Penguins defensive prospect Scott Harrington was named to Team Canada’s roster for the upcoming International Ice Hockey Federation (IIHF) World Junior Championship, which takes place in Ufa, Russia Dec. 26 through Jan. 5.
Harrington, 19, will represent his country for the second straight year. He earned a bronze medal in last year’s tournament, which was held in Edmonton and Alberta, Canada.
“I’m definitely looking forward to it,” said Harrington, who earned a roster spot after attending Canada’s selection camp. “Last year was an unbelievable experience wining the bronze medal with Canada. Playing in Canada in front of your home crowd, I don’t think it gets any better than that for World Juniors.
“But this year in Russia it should be good. They’re obviously a huge hockey country with a strong fan base so it should be a good time and I’m definitely looking forward to hopefully bringing a gold medal back to Canada.”

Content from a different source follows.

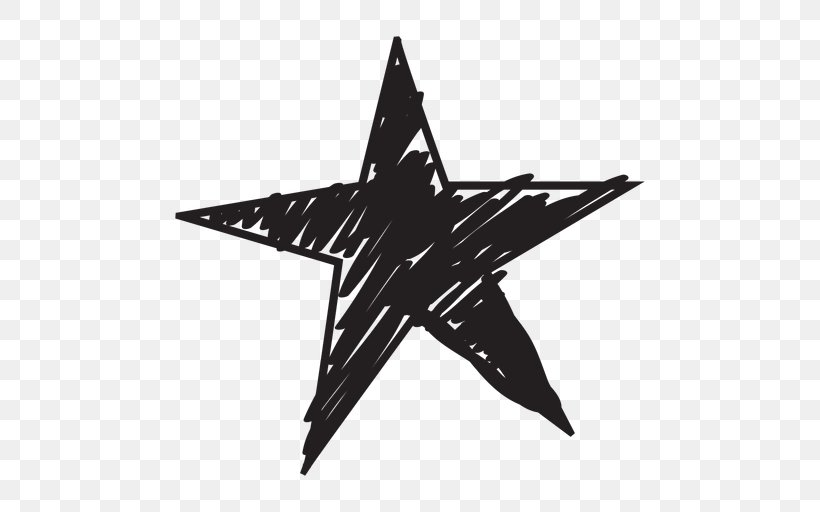 Star Drawing, PNG, 512x512px, Star, Aircraft, Airplane, Black, Black And White Download Free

The WJC won’t be Harrington’s first experience playing overseas. The Kingston, Ontario native played in the 2012 Canada-Russia Challenge this past summer with the first two games taking place in Yaroslavl, Russia, home of the Kontinental Hockey League team that lost 44 members in a tragic plane crash in September, 2011.
“The first game in Yaroslavl, the building was electric. All the fans had signs and you could tell that they really were into the game and that it was emotional for them,” Harrington said. “We didn’t understand the language they were speaking, but we could definitely tell what the message was and how they were feeling. So I think that we were honored that they invited us over to play there and try to lift the spirits of the community again.”

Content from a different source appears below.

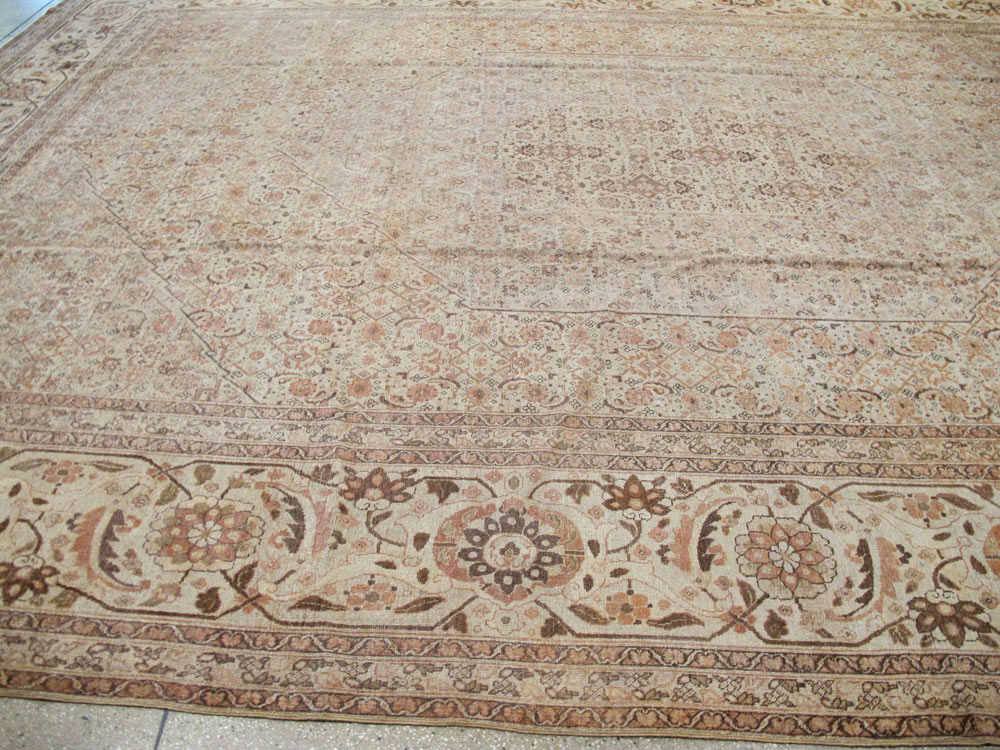 Antique Persian Tabriz Carpet, No.22148 - Staging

Harrington, Pittsburgh’s second-round pick (54th overall) in the 2011 NHL Draft, is captain of the first-place London Knights of the Ontario Hockey League. He served as an alternate for London last season as the club won the OHL title and a berth in the Memorial Cup.

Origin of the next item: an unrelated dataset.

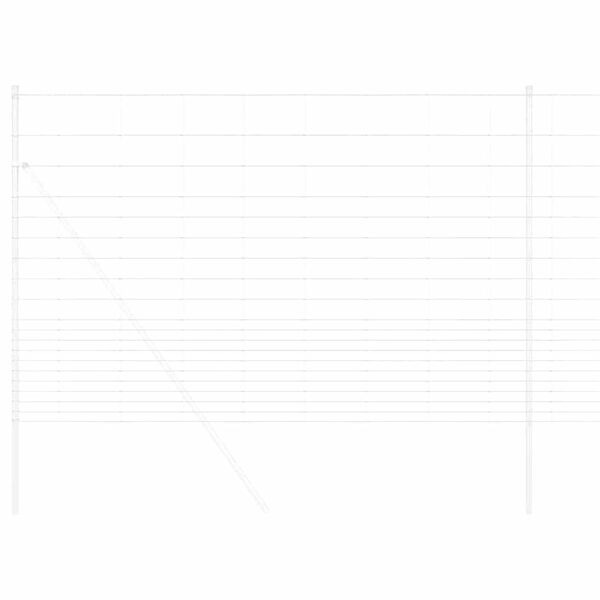 vidaXL Περίφραξη αγρού Γκρι 1.6 x 10 m Ατσάλι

Hockey Canada named him an alternate captain for the WJC. He also served as an alternate captain during the Canada-Russia Challenge. In fact, in one contest Harrington actually had the “C” on his jersey – an experience he will never forget.
“That was probably the most surreal experience I’ve had so far,” he said. “I knew coming into the camp this summer, being one of the seven returning guys, that I’d be looked upon for providing a little bit of leadership. You don’t need to provide too much leadership on teams like that because, for the most part, all the guys on the team are captains of their junior teams, but it was really cool getting to wear an A the first game. Then Ryan Murray wasn’t playing the second game, so they put the ‘C’ on my jersey and that was so cool.
“I remember growing up every Christmas watching World Juniors on Boxing Day and never did I dream that I was going to wear a ‘C’ one day. I was really proud of that.”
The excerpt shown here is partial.